Ranking Premier League trophy droughts by ridiculousness – and Arsenal still don’t win
Arsenal missed their first chance of winning a trophy this season with defeat to Manchester City in the Carabao Cup final.
They are still clear in the Premier League title race and are still in the Champions League and FA Cup so we do not expect them to remain potless .
It’s also worth noting that what is now the most talked-about trophy drought in English football will, by the time Arsenal next have the chance to do something about it, only in fact be six years long.
Which isn’t really very long at all, is it? Yet given who Arsenal are and where they keep finishing in the league, it still feels like a mad amount of time.
Especially after last season when Newcastle and Spurs both ended truly and undeniably absurd trophy droughts and Crystal Palace got their hands on a major piece of silverware for the very first time.
And you know how our minds work by now. That means we have literally no choice but to set about ranking the current most conspicuous ongoing trophy droughts among Premier League clubs. And obviously we’re ranking them entirely subjectively by ridiculousness rather than on anything as mundane or useless as ‘time’. You know what we’re like.
Few points of order. For our purposes here, ‘major trophy’ is defined as any of the three main domestic pots and their predecessors, or any of the major European trophies, current or defunct. Your Champions Leagues, your Cup Winners’ Cups, your Europas and UEFA Cups, The Conference Leagues of this world. And the drought length is measured from the first point it could conceivably end for any of these teams – i.e. next year.
A non-exhaustive list of things that don’t count: one-off Community Shield types, any league title below the first tier, play-offs of any kind, the Zenith Data Systems Cup, God rest its soul, and the equally lost and lamented Intertoto Cup. That kind of thing. Okay?
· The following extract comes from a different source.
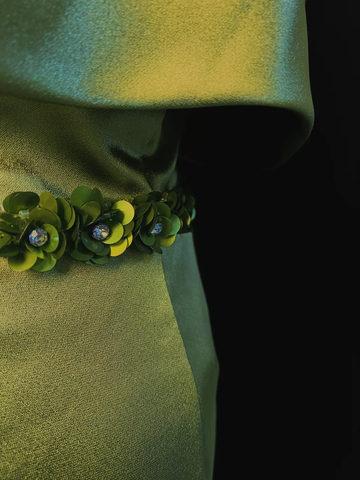 Classy Olive Green Satin Off The Shoulder Slit Prom Dress Slit Mermaid Evening Dress Y8650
Any team that has won something in the last five years is not considered to currently be experiencing drought conditions. Also, just so we’re not here all day, we’ve only included teams whose drought dates back to actually winning something rather than to the very beginning of their history.
There’s a philosophical element at play here; is it truly a drought if it’s just all you’ve ever known? But mainly we can’t be arsed. With all due respect to Bournemouth, Brighton, Fulham and Brentford, ain’t nobody got time for that.
That leaves the following eight pot-dodgers.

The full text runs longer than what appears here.